Download software and marker maps

Contact by email: Katrin Hoffmann / Tom H. Lindner (in case you just want to know the email adress: click with the right mouse key on the link and copy the email address)

General notes
Supported programs
Installation guide
Suggestions for large-scale SNP data
Acknowledgements
Maps containing marker positions
License agreement

Please cite the program for STRP analyses with

Lindner TH, Hoffmann K: easyLINKAGE: A PERL script for easy and automated two-/multi-point linkage analyses. Bioinformatics 21: 405-407, 2005 [PDF]
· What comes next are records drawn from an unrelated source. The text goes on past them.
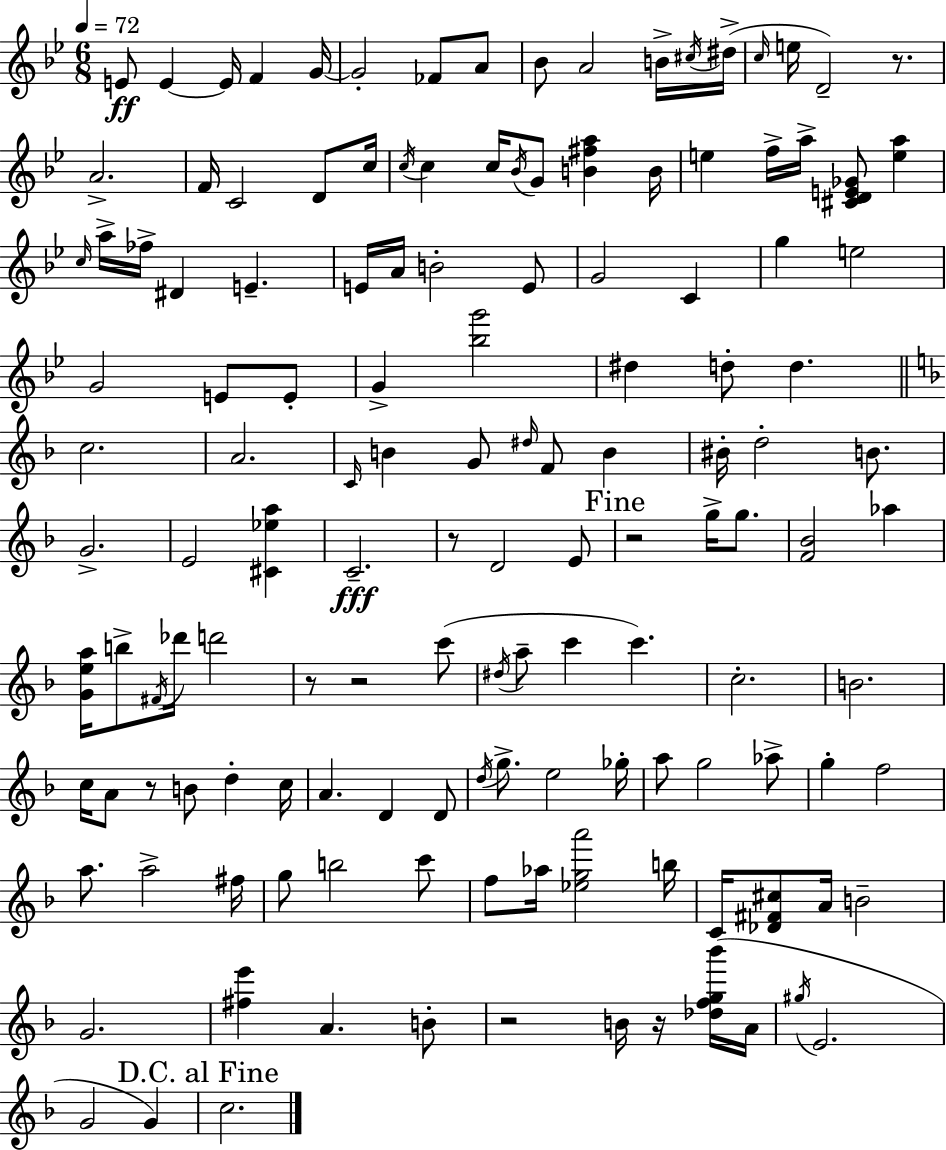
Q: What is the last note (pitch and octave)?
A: C5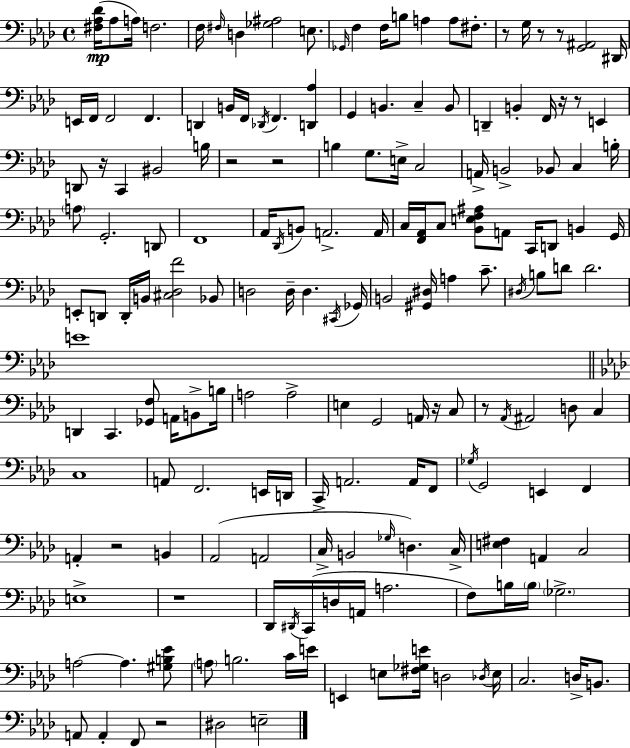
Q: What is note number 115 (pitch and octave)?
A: Gb3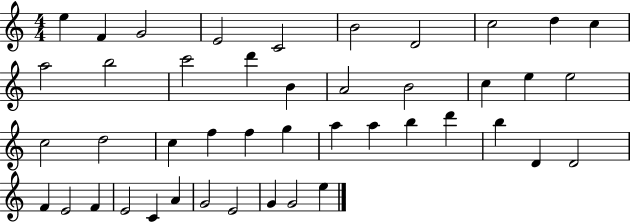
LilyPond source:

{
  \clef treble
  \numericTimeSignature
  \time 4/4
  \key c \major
  e''4 f'4 g'2 | e'2 c'2 | b'2 d'2 | c''2 d''4 c''4 | \break a''2 b''2 | c'''2 d'''4 b'4 | a'2 b'2 | c''4 e''4 e''2 | \break c''2 d''2 | c''4 f''4 f''4 g''4 | a''4 a''4 b''4 d'''4 | b''4 d'4 d'2 | \break f'4 e'2 f'4 | e'2 c'4 a'4 | g'2 e'2 | g'4 g'2 e''4 | \break \bar "|."
}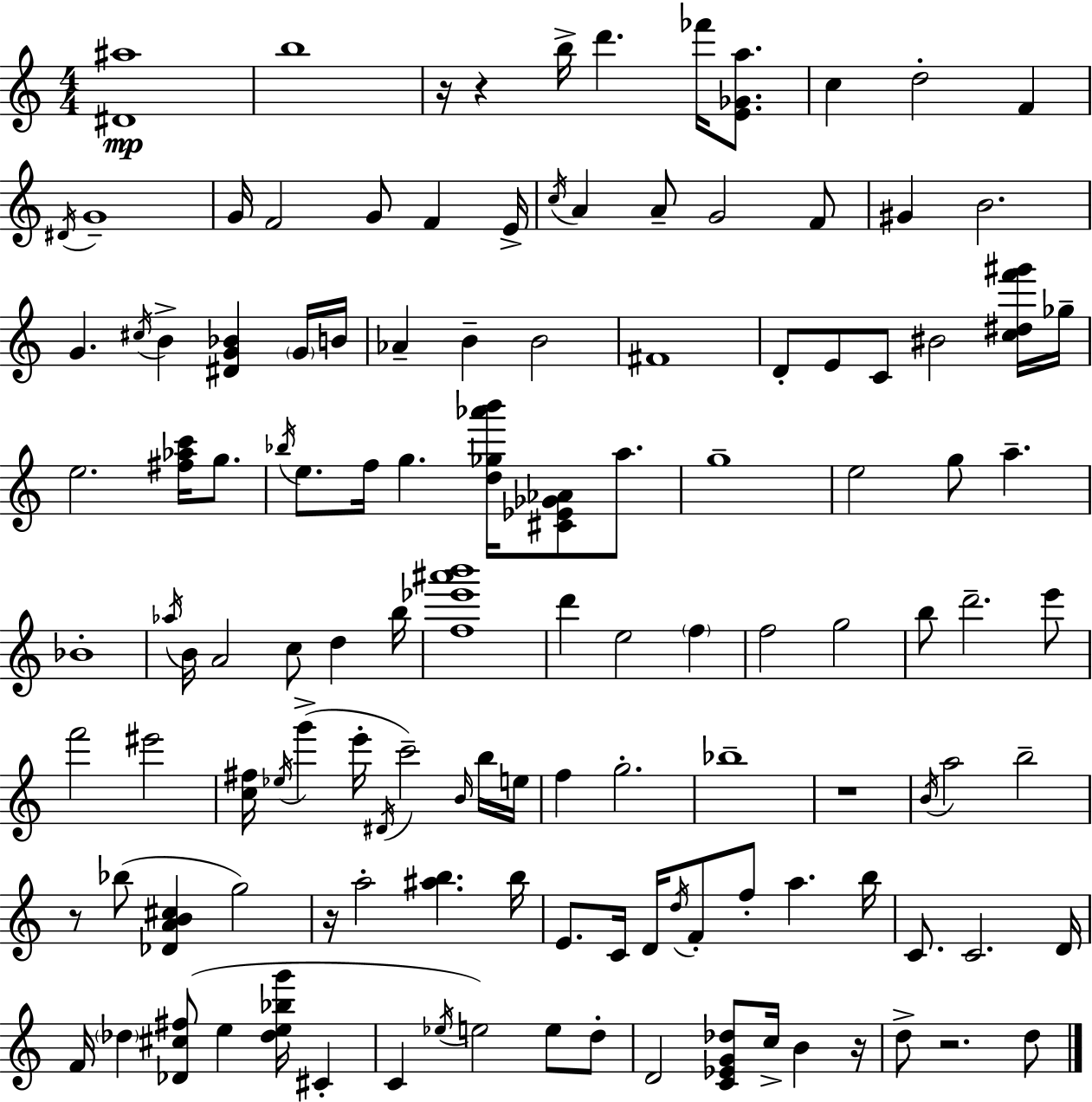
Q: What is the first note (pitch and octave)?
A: B5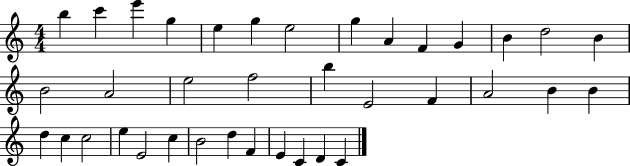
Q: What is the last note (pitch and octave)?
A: C4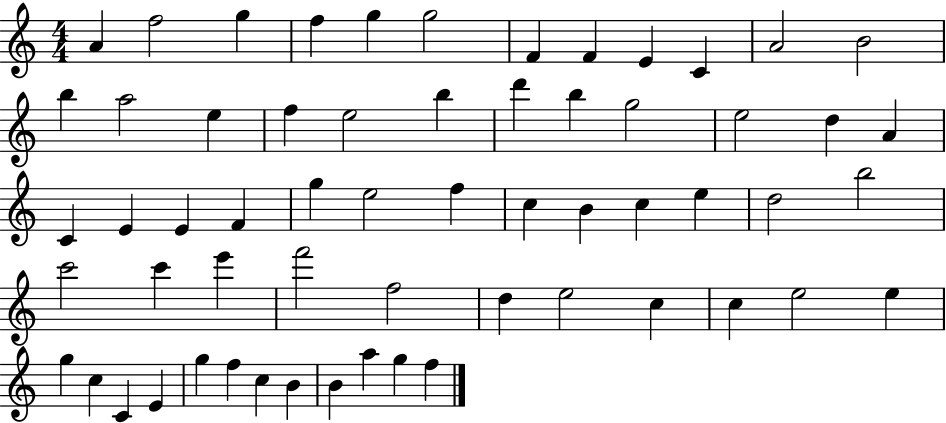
A4/q F5/h G5/q F5/q G5/q G5/h F4/q F4/q E4/q C4/q A4/h B4/h B5/q A5/h E5/q F5/q E5/h B5/q D6/q B5/q G5/h E5/h D5/q A4/q C4/q E4/q E4/q F4/q G5/q E5/h F5/q C5/q B4/q C5/q E5/q D5/h B5/h C6/h C6/q E6/q F6/h F5/h D5/q E5/h C5/q C5/q E5/h E5/q G5/q C5/q C4/q E4/q G5/q F5/q C5/q B4/q B4/q A5/q G5/q F5/q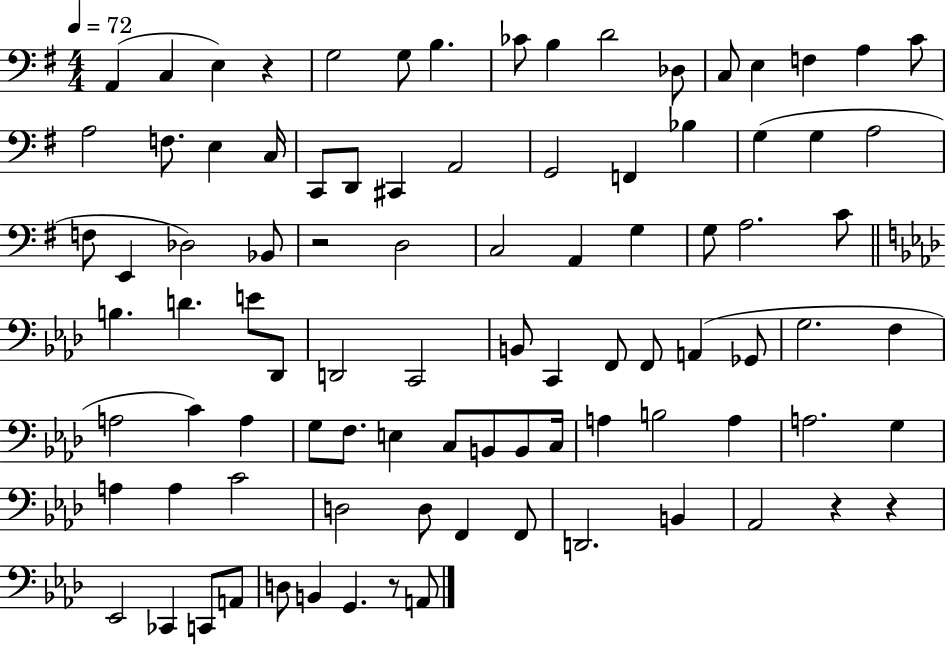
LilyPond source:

{
  \clef bass
  \numericTimeSignature
  \time 4/4
  \key g \major
  \tempo 4 = 72
  a,4( c4 e4) r4 | g2 g8 b4. | ces'8 b4 d'2 des8 | c8 e4 f4 a4 c'8 | \break a2 f8. e4 c16 | c,8 d,8 cis,4 a,2 | g,2 f,4 bes4 | g4( g4 a2 | \break f8 e,4 des2) bes,8 | r2 d2 | c2 a,4 g4 | g8 a2. c'8 | \break \bar "||" \break \key aes \major b4. d'4. e'8 des,8 | d,2 c,2 | b,8 c,4 f,8 f,8 a,4( ges,8 | g2. f4 | \break a2 c'4) a4 | g8 f8. e4 c8 b,8 b,8 c16 | a4 b2 a4 | a2. g4 | \break a4 a4 c'2 | d2 d8 f,4 f,8 | d,2. b,4 | aes,2 r4 r4 | \break ees,2 ces,4 c,8 a,8 | d8 b,4 g,4. r8 a,8 | \bar "|."
}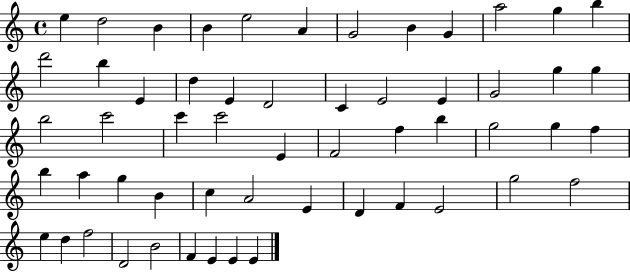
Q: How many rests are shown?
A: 0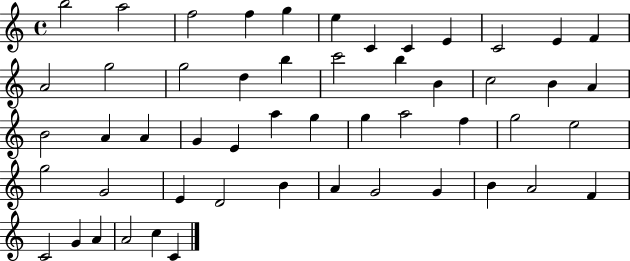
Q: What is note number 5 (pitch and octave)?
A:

and/or for SNP analyses with

Hoffmann K, Lindner TH: easyLINKAGE Plus – Automated linkage analyses using large-scale SNP data. Bioinformatics 21: 3565-3567, 2005 [PDF]

General notes

Back to top

easyLINKAGE was designed to make the use of linkage programs user-friendly and to enable those analyses on Microsoft Windows based operating systems. The idea came up when the programmers had to run several linkage programs such as those that were implemented in easyLINKAGE and tried to get their own linkage projects done. Very quickly it became obvious that all programs were not easy to handle at all. Most programs used different input formats. Appropriate files had to be generated in a time-consuming process in addition. No program provided a marker database from which the genetic positions could be drawn and used for automatic linkage analyses. Only a few programs were recompiled for running on Windows systems which is not really understandable since most marker genotypes were generated on such systems. Further, graphical outputs were almost completely missing.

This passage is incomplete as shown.